Thursday, May 9th 2013 - 05:25 UTC
Full article 29 comments
Cristina Fernandez and Nicolas Maduro  Cristina Fernandez and Nicolas Maduro
Maduro addressing the crowd at a stadium packed with Argentine government militants Maduro addressing the crowd at a stadium packed with Argentine government militants

President Nicolas Maduro said he was a ‘Kirchnerite president’ and the ‘second Peronist president’ of Venezuela during a political rally with Argentine trade unions and militant groups in a packed Buenos Aires stadium to recall the figures of the deceased Hugo Chavez and Nestor Kirchner.

“We have to thank God for having been part of that crusade of two giants of America, such where Nestor Kirchner and Hugo Chavez”, said Maduro at the stadium inviting the crowd to remember “the famous 2005 Americas summit when, had it not been for Kirchner, Lula da Silva and Chavez, we couldn’t have resisted the economic colonization pretended with the FTTAA, the Free Trade of the Americas Association”.

“It had nothing of free or for the Americas; in the very eyes of the devil himself, George Bush, the FTAA was buried in Mar del Plata, thanks to the efforts of our leaders who came to lay the foundations of a new era”, underlined the Venezuelan president.

“I’m calling of the Argentine working class to collect the experience of recovered companies, of a workers government”, said Maduro who added that he also was “a Kirchnerite president because of the legacy from Nestor Kirchner”.

He also confessed his admiration for Peronism (Argentina’s three times populist and nationalistic president Juan Domingo Peron) and pointed out “I am the second Peronist president in Venezuela”.

The first obviously was the late Hugo Chavez also a declared admirer of Peron, Peronism and a strong independent Latinamerica.

Maduro early Thursday ended the second stop of his first Mercosur tour since winning the snap election 14 April by a minimum 1.4% of votes, results which have been challenged by the Venezuelan opposition.

On Tuesday he arrived in Uruguay and early Wednesday left for Argentina where a packed agenda was also waiting for him. From Buenos Aires he flies to Brasilia to meet President Dilma Rousseff, the last of his three countries round.
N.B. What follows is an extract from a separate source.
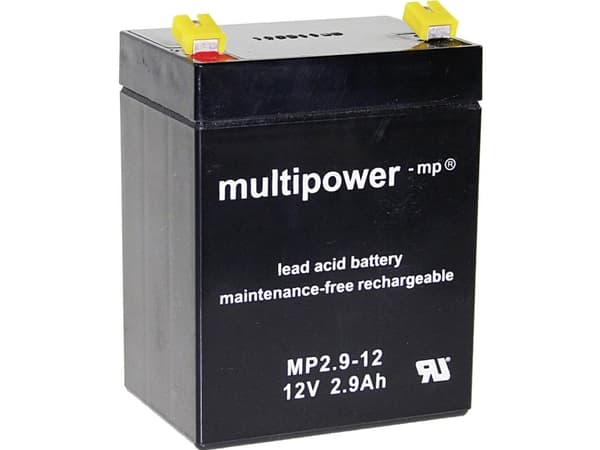 multipower MP2.9-12 A97275 Lyijyakku 12 V 2,9 Ah Lyijyakku (B x K x S) 79 x 107 x 56 mm Litteä liitin 4,8 mm Huoltovapaa, vähäinen itsepurkautuminen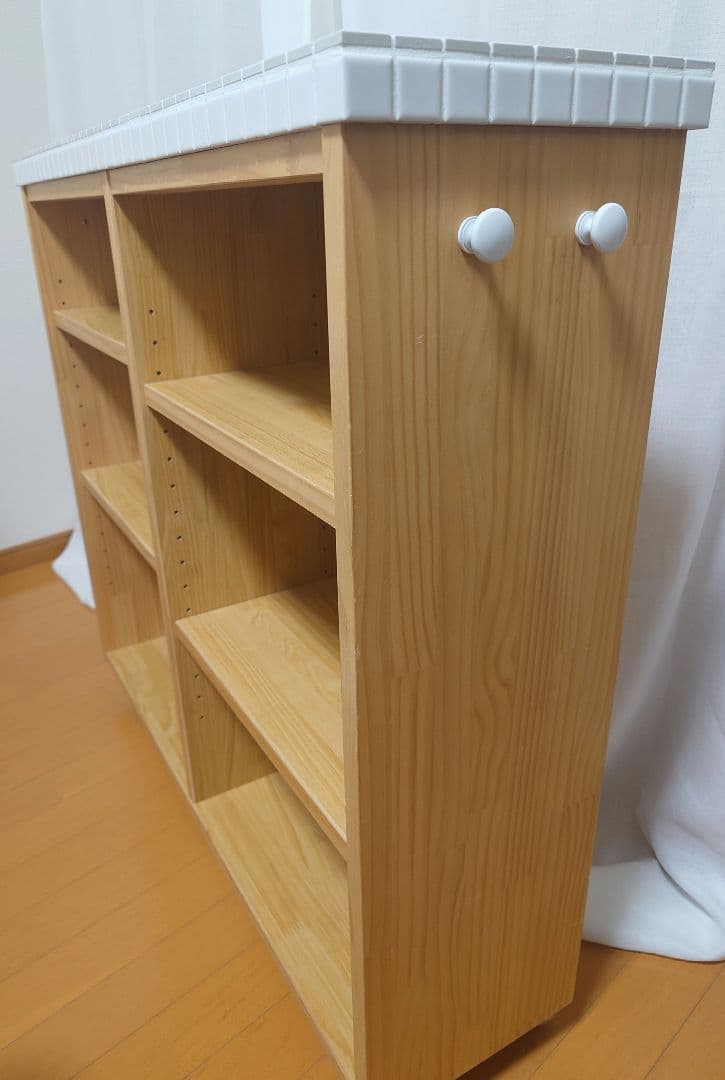 モモナチュラル キッチンワゴン タイル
Following the rally Maduro and his 200-strong delegation were honoured with a farewell dinner by President Cristina Fernandez who recalled South American liberators, Simon Bolivar and Jose de San Martin which she emulated with the deceased Hugo Chavez and Nestor Kirchner.

“It’s a night full of emotions, full of memories” said the Argentine president adding that “this is a night of future. Our time has come and it is now, we must not delay this march that took off 200 years ago and we must double march, the future is calling us, just as it did with Nestor and Hugo and those who will follow them”, said Cristina Fernandez.

The speech was followed by a toast “to the 200 years of history and the men who in these years have known how to confront events of history. Let us toast for our countries”.

The Venezuelan leader also praised of Cristina Fernandez saying she is ‘much loved and respected by our people’. He added that “we must be proud of living such a historic moment. The memory, the figure of our Commander Hugo Chavez emerges in every corner”.

Finally he thanked the San Martin order medal he was awarded and was carrying during the event. “Let’s hope as Chavez use to say, that some day we can say we have been able to act and honour San Martin; this is a supreme challenge that demands fatherland“

Earlier in the day President Maduro and his Argentine peer signed twelve bilateral agreements in strategic areas such as energy, agriculture and science at the Government House, where both leaders discussed key topics of the cooperation between two countries.

A statement the Venezuelan leader repeated during the day before the media was that Chávez' “presence” is “very strong” in Argentina and this demands the ‘responsibility’ of continuing not only with his “legacy” but also with Néstor Kirchner's.

Maduro also insisted with Mercosur which he said must change and become ‘a great magnet for the continent’. He is scheduled to return to Montevideo at the end of June for the presidential summit when Mercosur’ rotating chair will be passed on to Venezuela for the following six months.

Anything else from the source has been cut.